Title:Distinctive Phenotype Identification for Breast Cancer Genotypes Among Hereditary Breast Cancer Mutated Genes
VOLUME: 10 ISSUE: 1
Author(s):Md. Rafiul Hassan, Imran ul Haq, Emad Ramadan, Joarder Kamruzzaman and Adel F. Ahmed
Affiliation:Department of Information and Computer Science, King Fahd University of Petroleum and Minerals, P.O. Box: 31261, Dhahran, Saudi Arabia.
Keywords:Breast cancer, HMM, BRCA1, BRCA2, gene selection, hereditary.

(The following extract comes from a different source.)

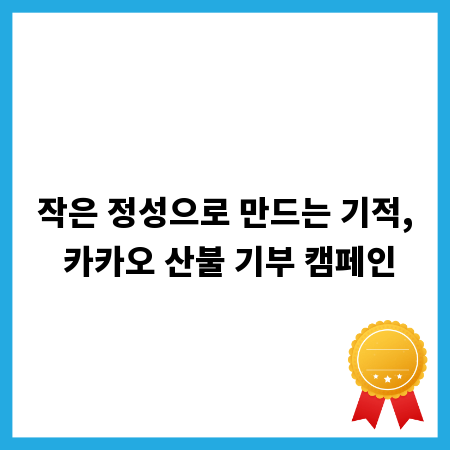 작은 정성으로 만드는 기적, 카카오 산불 기부 캠페인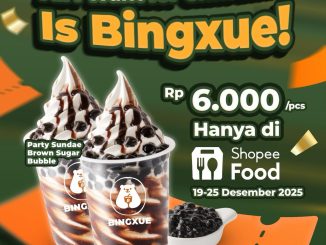 Promo BINGXUE ShopeeFood Party Sundae Rp. 6.000 periode 19 – 25 Desember 2025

Abstract:It is well known that the mutations in BRCA1 or BRCA2 gene can cause the hereditary breast
cancer. However, it is a tedious and expensive task to identify the mutant genes that impact breast cancer
due to the large number of genes and very small number of samples. Furthermore, the expressive energy
of the subset of genes in comparison to that of one individual gene at a time is considered to have a
profound influence in case of breast cancer. In this paper 7 tumors with BRCA1 mutation and 8 tumors
with BRCA2 mutation have been used to identify the subset of discriminative genes. A combination of a
non-parametric supervised and an unsupervised statistical method is introduced to analyze the gene
expressions and the distinctive genes among the highly expressed genes are identified. The most important
genes are filtered using the area under the curve (AUC) measure. These filtered genes are then used to
build a hidden Markov model (HMM) to analyse their inter-relationship and identify the best subset
among them. In addition, Protein-Protein interaction network is generated to analyse the pathways of the identified genes and
their link with BRCA1 or BRCA2. Transcription Factors are identified and Gene Set Enrichment Analysis (GSEA) is calculated
for the identified genes subset and the results are compared with the results mentioned in other cancer literature. Experimental
results suggest that only 8 genes have been identified out of 3226 genes by the proposed hybrid method. Out of the 8 identified
genes, 5 have been linked with breast cancer by other studies. Moreover, 7 genes have been associated with numerous diseases
that may result in breast cancer. Furthermore, 8 transcription factors were identified that cover the identified genes and BRCA1
and BRCA2. Lastly, GSEA enrichment score of 0.52 is calculated for the identified genes and it is comparatively better
considering the small subset of identified genes.